At the end of the opening night of American Ballet Theatre’s “Tharp Trio,” on May 30, the diminutive Tharp, wearing what looked like black leather trousers, came onstage and hugged the cast of her 1986 work In the Upper Room repeatedly. The affection was mutual; the dancers seemed thrilled, even electrified by her presence, as was the audience, which lingered for a lengthy ovation. Ever the rebel, even at 77, Tharp rejected the enormous bouquet that was offered, and eventually tossed it into the orchestra pit. Forget those antiquated balletic conventions! There was a strong sense of New York communal feeling in the house. Tharp is a wholly American artist who got her start at a nearly mythical time in American dance (the seventies and eighties). Her dances, and her persona, celebrate freedom of movement, athleticism, sex appeal, empowerment.
The night consisted of three works, the oldest of which, Deuce Coupe (1973), is perhaps the first example of the “crossover ballet,” i.e. a work in which ballet is mixed with American popular dance forms and music. It was the middle piece in an evening that opened with the coolly neoclassical Brahms-Haydn Variations (2000) and closed with In the Upper Room, a staple of the company’s repertory. Deuce, a company premiere, was originally made for a combination of dancers from the Joffrey Ballet and Tharp’s own ensemble. A dancer in white (here, Christine Shevchenko) goes through a long series of steps from the classical canon, from arabesque to temps de cuisse, as other dancers walk, shimmy, and sashay around her in a mix of high heels, leather-soled shoes and, later, pointe shoes. All this, to the songs of the Beach Boys. Eventually, the two worlds begin to merge. The cool American kids adopt ballet steps and the pristine ballet dancer loosens up a bit. Tharp creates a new dance form: a hybrid, free-spirited derivation of ballet. And a kind of dance nirvana is achieved.
Dance nirvana is a concept that returns often in Tharp’s ballets; it’s there in Brahms-Haydn, in those gorgeous floods of dancers creating radiant classical geometries accessorized with relaxed shakes of the head, crouches, sensual partnering. And also in Upper Room, where full-throttle energy and exhaustion create a sense of camaraderie among the dancers, without which they might not survive. This is dance as exultation, and the dancers respond with joy and devotion. As exhausting as the program is, you get the feeling they would willingly do it all over again, just for another taste of that high.
The trickiest of the three works, perhaps because it is the most vernacular and the least familiar, is Deuce Coupe. It also looks the most dated; the concept of contrasting two dance styles now feels artificial, and the bell bottoms and graffiti backdrop, recreated here by Santo Loquasto, are right on the edge of caricature.
The dancers (in Deuce Coupe) don’t yet look completely comfortable in the loosey-goosey way of using the upper body, or with dancing in high heels.

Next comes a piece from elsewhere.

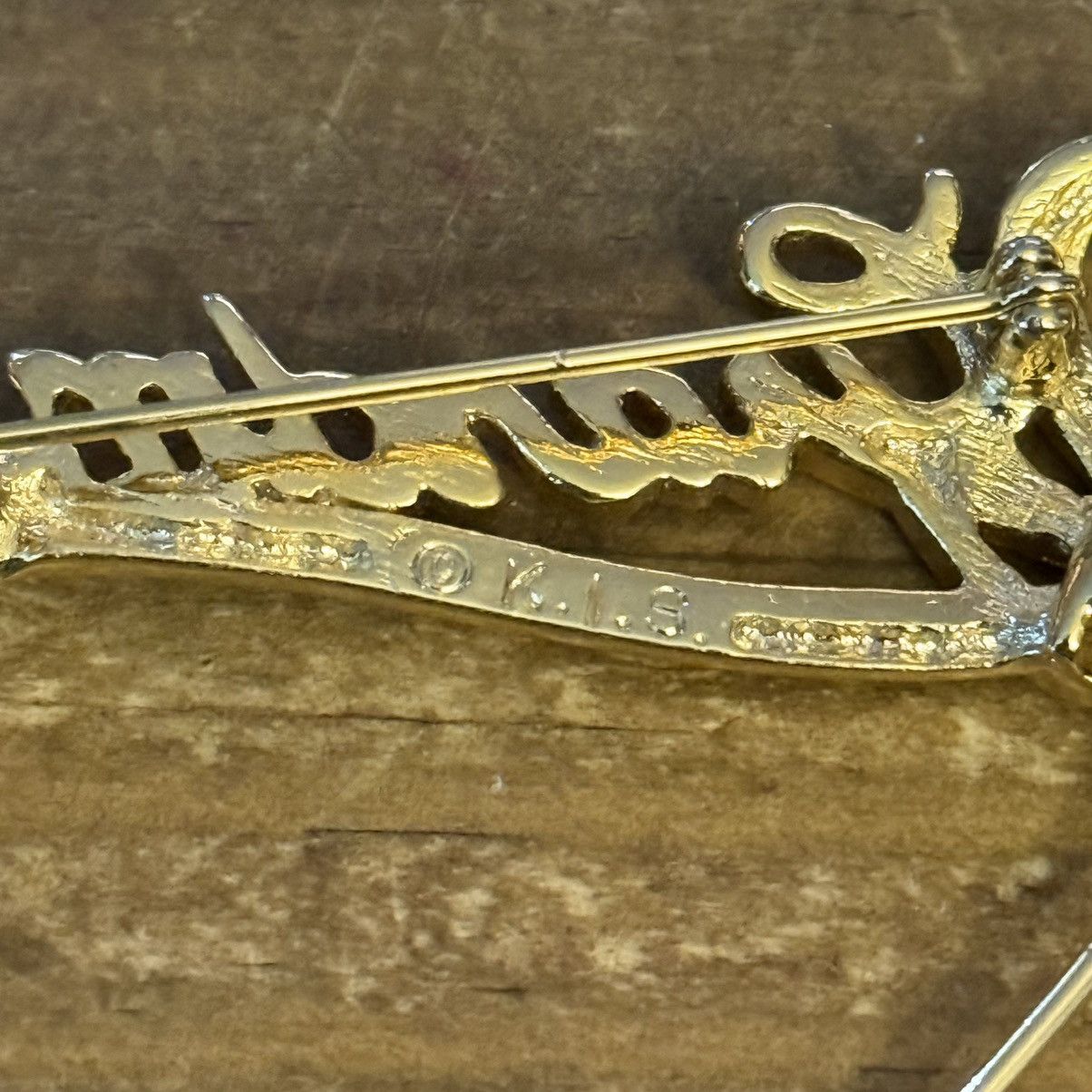 Vintage Vintage KIS hold tone Grandma charm holder brooch Size ONE SIZE - 4 Thumbnail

The slides across the stage are tentative. That is, with a few exceptions: both Misty Copeland and Catherine Hurlin, among the women, look completely at ease and in their element – more than that, they’re clearly having a ball. Among the men, Aran Bell stands out, both here and in Upper Room; he doesn’t do anything extra, just dances with a kind of all-American gravity of purpose, and it’s perfect. Copeland is riveting in the sexy slow number “Got to Know the Woman,” swishing her red skirt like a temptress next to the self-contained ballerina. As the ballerina, Shevchenko is quietly luminous.
Brahms-Haydn, which the company brought back in 2015, has settled beautifully on the dancers. Despite its formal brilliance, the ballet, set to a series of variations on a theme, has a seductive “easy does it” feel. Upper bodies sway, a dancer (Stephanie Williams) straddles her partner and then climbs over him, playfully but also with a touch of sensuality. A large corps of dancers in white comes and goes, complementing the patterns of the already large principal cast (7 couples). Here, Tharp revels in the classical vocabulary and the duet form. (Almost all the featured sections are for pairs of two.) I’m partial to a section in which the dancers simply chassé in diagonals across the floor while trumpets blare, triumphantly elevating what in reality is one of the simplest classroom steps.
And then there is the epic finale of In the Upper Room, in which the dancers, in their still-stylish 1980’s stripes by Norma Kamali, cavort, karate-kick, cheerlead, and stomp through billowing clouds of smoke (lighting by Jennifer Tipton), driven by the relentless electronica of Philip Glass. Thirty years after its creation, it is still the ultimate Twyla Tharp piece, an expression of American dynamism and New York style. It never gets old.